Día 44.
Uno de tantos placeres de la infancia era recluirme secretamente y dejarme llevar por el momento. Momento sin prisas, cuando no urgía ningún quehacer y no apremiaban los otros con sus atenciones. Podía ser en una de aquellas cabañas que construíamos con ramas y paja, sacados de cualquier era, o en el último de los pisos en construcción que por entonces sellaban pueblos y ciudades, al abrigo de las toallas familiares que hacían de techos en la casa, o mucho más en la intimidad, en la bañera sumergiéndome con los playmobil de siempre y aquellas esponjas coloreadas que chorreaban el agua tibia al aviso de nuestras madres.

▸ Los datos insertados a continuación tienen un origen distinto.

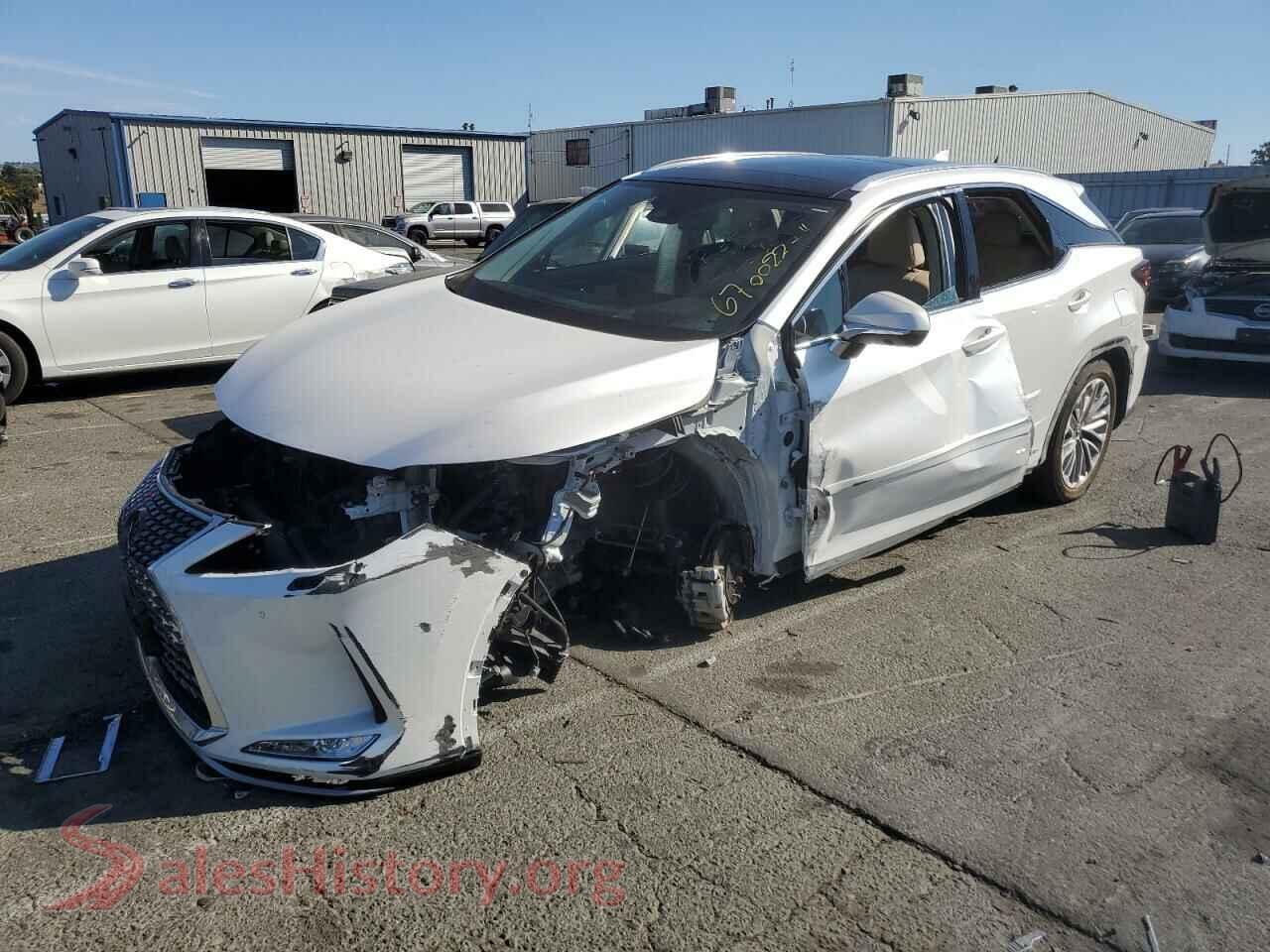 2022 LEXUS RX450 — VIN 2T2JGMDA5NC086067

Una de aquellas veces, de pie sobre uno de los bancos de madera de mi primer colegio, el único que todavía yace empotrado en las paredes amarillas, me sentí especialmente recluido. Tanto, que temí no volver a los demás. Sin nadie que lo advirtiera una concentración de luz irradió de un solo punto, perdiéndose cuanto ahí fluía en una sordomudez que todavía en las tardes de otoño persiste. Comprendí entonces que nada de lo que hiciera podría tener, jamás, verdadero valor. El caso es que durante años resté importancia a tamaña impresión, pero es ahora, en los momentos en los que el mundo parece desvanecerse como aquella primera vez, cuando veo a la luz de entonces formar las palabras y los gestos.
En los terrenos que nos ocupan, sólo hay conocimiento a modo de relámpago.
El texto es el largo trueno que después retumba.